# Not everyone has a type



## kitsu (Feb 13, 2013)

In a lecture included in the Collected works edition of Psychological types, Jung said:




> "It gradually became clear to me that there must be two fundamentally different attitudes which would divide human beings into two groups -provided the whole of humanity consisted of highly differentiated individuals. Since this is obviously not the case, one can only say that this difference in attitude becomes plainly observable _only when we are confronted with a comparatively well-differentiated personality_" (Jung, 1971, p.549)






> "There is [...] a third group, and here it is hard to say whether the motivation comes chiefly from within or without. This group is the most numerous and includes the less differentiated normal man, who is considered normal either because he allows himself no excesses or because he has no need of them. The normal man is, by definition, influenced as much from within as from without. He constitutes the extensive middle group [...]" (Jung, 1971, p.516)


In my experience, this is true, I encounter many people IRL and online that I find "typeless", not that that is necessarily a bad thing.

But this leaves me slightly confused, and my mediocre understanding of Jung can't help me.
If there is a differentiated state and an undifferentiated state, are there intermediary states?
As in, can a person be only partially differentiated? What might that look like?


----------



## Entropic (Jun 15, 2012)

Of course there are intermediary states. Several people on this site fall between differentiated and undifferentiated but tend to as a whole, lean more towards undifferentiated. That is, they have a preference but it is not made overly clear or obvious. 

Of all the people I have observed in this site, I would say only a handful are clearly differentiated. Notably, the smallest group out of those handful of people are perception types, and the absolute smallest are intuitive types.


----------



## kitsu (Feb 13, 2013)

ephemereality said:


> Of course there are intermediary states. Several people on this site fall between differentiated and undifferentiated but tend to as a whole, lean more towards undifferentiated.
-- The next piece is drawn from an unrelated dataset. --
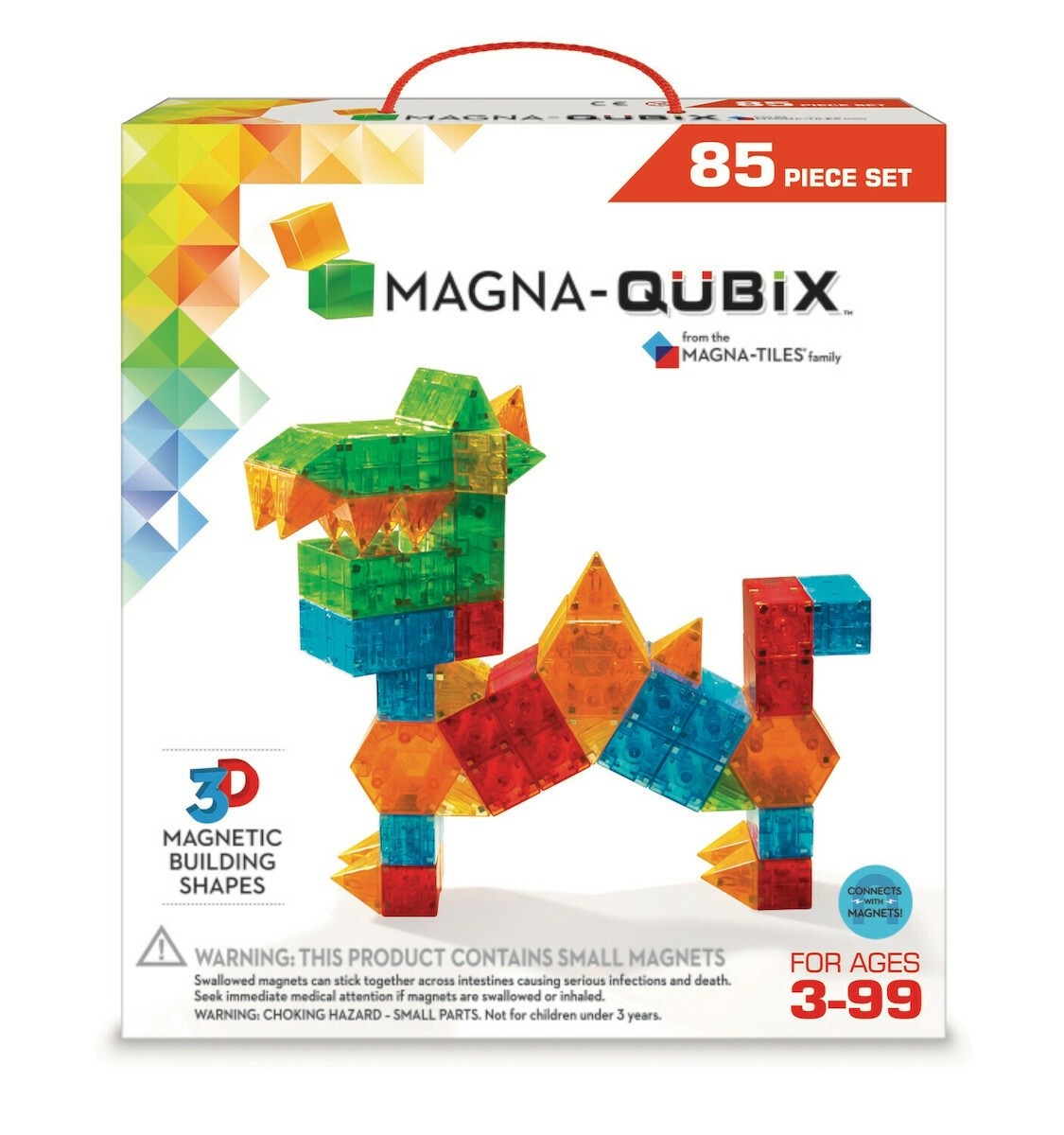 Μαγνητικό Παιχνίδι QuBix 85 τεμ, Magna-Tiles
That is, they have a preference but it is not made overly clear or obvious.
> 
> Of all the people I have observed in this site, I would say only a handful are clearly differentiated. Notably, the smallest group out of those handful of people are perception types, and the absolute smallest are intuitive types.


Could you elaborate on what the functions of a non-differentiated type look like?

(Do they have something that sort of resembles a dominant function, but isn't used to its full potential?
Or do they rely on their dom and aux equally?
Or have four functions which they don't have an order of preference for?
Or any recurring pattern you might've noticed)


----------



## VoodooDolls (Jul 30, 2013)

He's telling you aren't an INFP, beat him up.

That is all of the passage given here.